Have you read the paper yet? You might be interested in figures 7-9, which show spectrographic measurements of exactly what you're claiming is impossible. Sections 4 and 5 go on to describe how you can use these measurements to get fairly accurate timing information about individual RSA key operations. What you seem to be missing is that, even though the audio bandwidth isn't nearly high enough to resolve individual CPU instructions, aggregated timing measurements can still leak a substantial amount of information. This is well-established in the crypto literature, and it's now standard practice to write code robustly to this sort of attack by making the timing data-independent.
As a side note: it's not clear to me what being an "SMPTE committee member" entails, or why it confers any special expertise about cryptographic side-channel attacks. I only point that out because you've mentioned it in two separate comments now, and I don't see why it's relevant.
SMPTE in this case is relevant because the claims aren't defensible under the rules of Physics. You can't push the stuff they are claiming though Air, or with microphones. There is one claim in there about the capacitance of a human that I can't provide counter claims for, because I really don't know, but basically you can't move the kinds of data they are talking about via Air, sound, and mic cables.
Once you realize that doesn't work everything else is irrelevant.
If you can name a single specific claim that you don't think is defensible, I might be inclined to take your argument more seriously. But so far, everything you've said is a vague generality that continues to support my theory that you haven't read the paper and don't understand the method being described.

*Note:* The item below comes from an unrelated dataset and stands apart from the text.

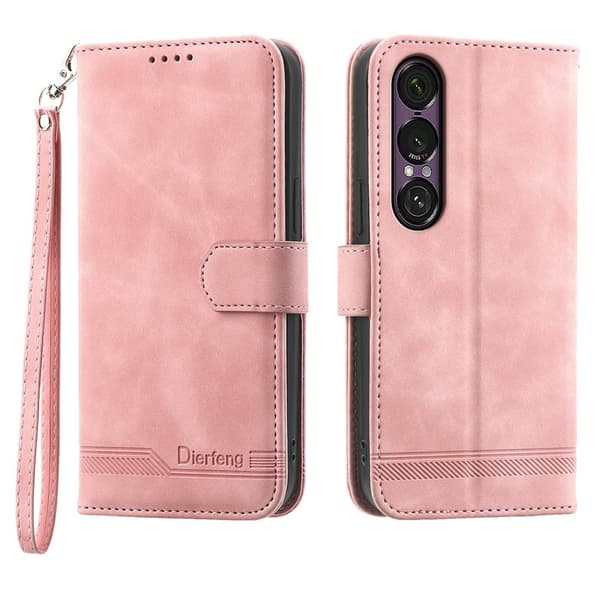 DIERFENG Til Sony Xperia 1 VII Pungcover med Stander og Håndledsrem Pink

The claim that there is a significant difference in the emitted sound from a capacitor based on the value of an RSA Key. May or may not be true.

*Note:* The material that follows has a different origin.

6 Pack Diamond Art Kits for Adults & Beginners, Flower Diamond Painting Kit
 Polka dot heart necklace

That that sound is significant enough that you can use a microphone, to pick it up from a distance greater than a fraction of an inch is implausible.
That the sound difference is such that it can be captured with any of the setups pictured in the paper is impossible. There are systems designed for frequency isolation that do megahertz sampling rates which you could convince me are capable of reading the 1's and 0's out of a 286. The frequencies of modern electronics that is simply not possible.
>That the sound difference is such that it can be captured with any of the setups pictured in the paper is impossible. There are systems designed for frequency isolation that do megahertz sampling rates which you could convince me are capable of reading the 1's and 0's out of a 286. The frequencies of modern electronics that is simply not possible.
They are claiming to pick up a rather large algorithm change in code that runs for dozens of milliseconds to extract a single bit. A loop taking a bit over 26 vs. a bit over 28 microseconds in the example (or something reasonably close to that description). Why would this need such high-end equipment to pick up?
That's a claim that the authors aren't making. As has been repeatedly pointed out, the attack depends on timing the execution of blocks of code which take much longer than a single instruction, so the 44.1kHz sampling rate described in the paper is sufficient.
As a side note: it's not clear to me what being an "SMPTE committee member" entails, or why it confers any special expertise about cryptographic side-channel attacks. I only point that out because you've mentioned it in two separate comments now, and I don't see why it's relevant.